Can We Afford the Future?

http://www.commondreams.org/views/2015/11/18/can-we-afford-future

Some readers may assume that I just got up on the wrong side of the bed, and that this is all just too pessimistic. Surely we will muddle through, with new technology making further progress affordable. I must be cherry-picking a worst-case scenario, right? No, in my view there is no exaggeration here. The evidence as I see it is stacked almost entirely on the side of my thesis: we (as a nation, or as a global civilization, take your pick) really and truly cannot afford much more of the kind of progress—defined in terms of increases in energy and material consumption—that we got used to during the last century.

That means that if we don’t start planning for whatever kind of future we can afford (in both dollar and energy terms), we’ll end up broke, foreclosed, and without much of a future worth living in.

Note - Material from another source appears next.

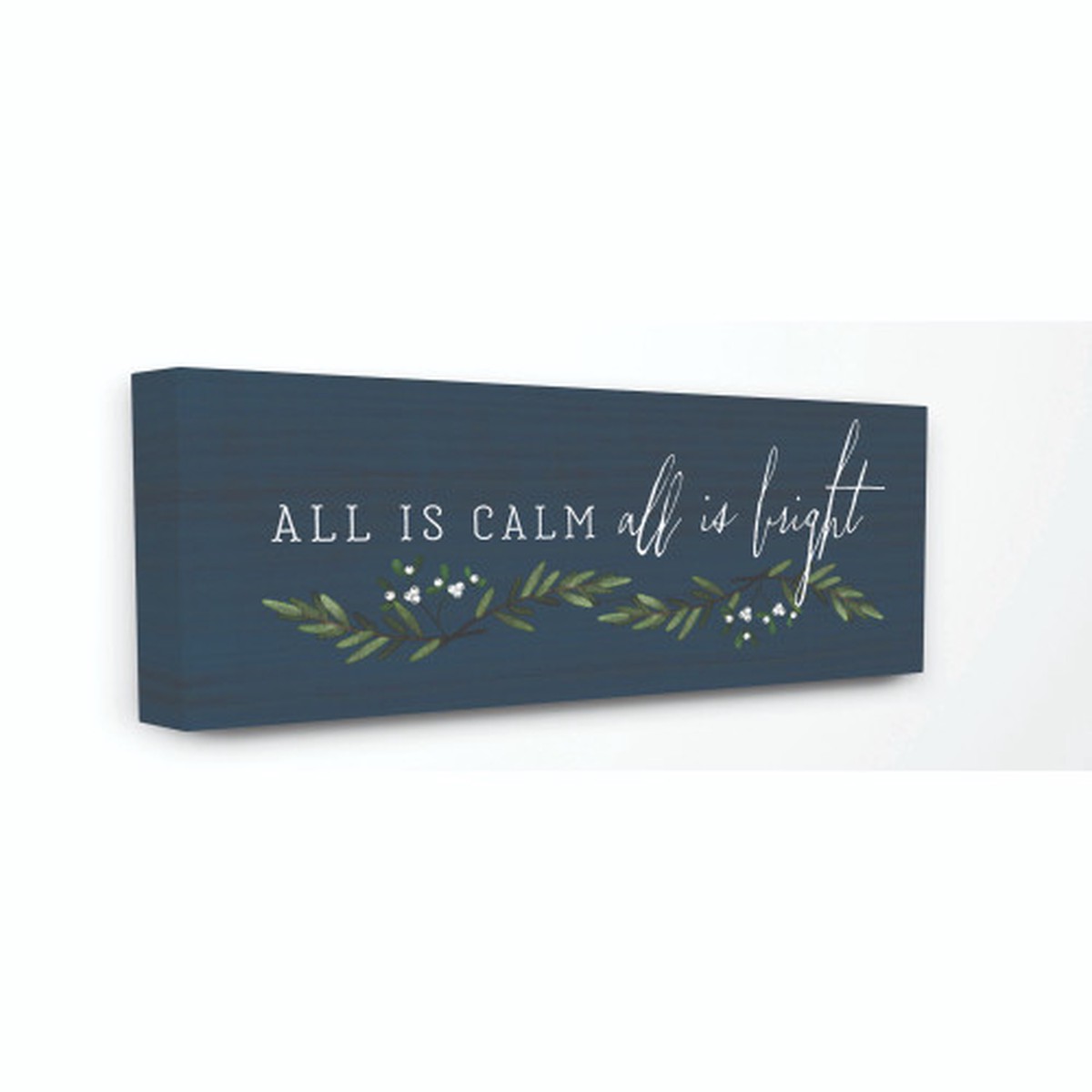 Blue and White All is Calm Christmas Stretched Canvas Wall Art Decor 10" x 24"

Clearly, the affordable future will be slower, simpler, and less mobile than Futurama daydreams of the 1960s. It will entail living closer to the land and using much less in the way of energy and materials than folks in wealthy industrial nations currently are accustomed to using. If we’re dropped headlong into that future with no preparation, we’re likely to see it as—and turn it into—a dystopian, post-apocalyptic nightmare. However, if we plan and prepare, our affordable future could actually be an improvement over the soul-destroying existence that pervades so much of urban and suburban America these days. Permaculturists, organizations of idealistic young organic farmers, eco-villages like Dancing Rabbit and The Farm, and Transition Initiatives represent what appear currently to be barely visible fringe phenomena. But the folks pursuing these roads-less-traveled deserve our attention and help, because they’re about the only people in the industrialized world who are preparing for the kind of future that’s actually within our means.